KONDENGUI : Ces personnalités qui visitent nuitamment les prisonniers de luxe
Ministres, DG, hommes politiques, opérateurs économiques et hauts gradés sont aperçus dans ce pénitencier à des heures insoupçonnées. Pourquoi se cachent-ils ? Enquête.
La peur du qu’en dira t-on aurait enlevé toute idée de solidarité entre les personnalités aux affaires et celles écrouées dans le cadre de la lutte contre l’atteinte à la fortune publique. Si l’Opération Epervier n’était pas à tête chercheuse, des barons du régime n’allaient pas opérer des contorsions pour rendre visite à leurs anciens collègues en difficulté. Un directeur général d’une entreprise parapublique soutenait, sous cape, la thèse selon laquelle personne n’est intouchable dans le régime. Personne n’est sûre de la confiance d’un homme dont on ne connait pas le tempérament.

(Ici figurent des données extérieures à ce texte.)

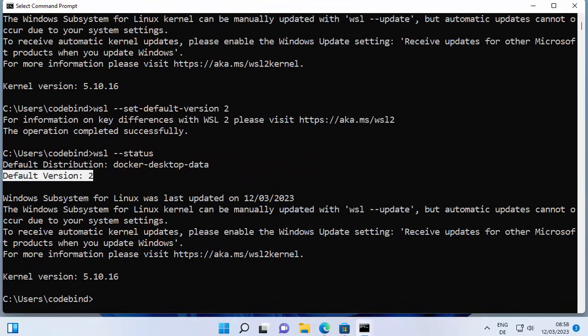Make sure that the version is set to 2. That's how you can install WSL 2 on your Windows 11 operating system. I hope you've enjoyed this video and I will see you in the next video.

Il est à mesure de vous élever haut dans l’appareil de l’Etat, puis de vous limoger et vous faire arrêter. Ce témoignage traduit le malaise des ministres et DG en poste face au devoir de solidarité envers leurs collègues, amis ou camarades (de parti) incarcérés. Rendre visite à un détenu la nuit n’est pas autorisé par la législation. Les jours de visite et communication entre détenus et leurs familles sont fixés par la loi.
Dans le cas de la prison centrale de Yaoundé, les mardis, jeudis et dimanches, de 10h à 17h, sont prévus pour les visites. Les journées de lundi, mercredi, vendredi et samedi, de 8H à 18H sont les visites d’urgences et de courte durée dans les box prévus pour les avocats et autorités. Alors face à cette organisation qui ne souffre d’aucune entorse, il est presque impossible d’apercevoir une personnalité de marque s’afficher pour assister un détenu de l’Opération Epervier en ces moments précis. Mais force est de constater que ces personnalités y vont en catimini entre 20H et 23H dans des voitures banalisées.
Le régisseur de la prison centrale de ‘’Kondengui’’ est au préalable informé de ces visites.
Pourquoi se cacher?
Tout commence depuis l’évocation plus ou moins fausse des réseaux de succession et le problème d’alternance au sommet de l’Etat qui démange chaque membre du gouvernement à chaque fois qu’on lui attribue une telle volonté. A ce niveau, on comprend l’attitude des personnalités de la République qui craignent d’être dénoncées auprès du chef de l’Etat. Du G11 au groupe Brutus, le pouvoir aura englouti tous ceux qui de près ou de loin étaient cités dans ces manoeuvres. Leurs amis qui sont restés en liberté ont tôt fait de les ignorer pour échapper eux aussi aux représailles.
Même les conversations téléphoniques des ministres sont écoutées par la DGRE et les services spéciaux. Toute cette démonstration justifie à plus d’un titre les dispositions sécrètes que prennent des barons du régime pour manifester leur solidarité à certains clients de l’Opération Epervier, arrêtés entre 2006 et 2015. Nous y reviendrons avec les identités de ces visiteurs de nuit.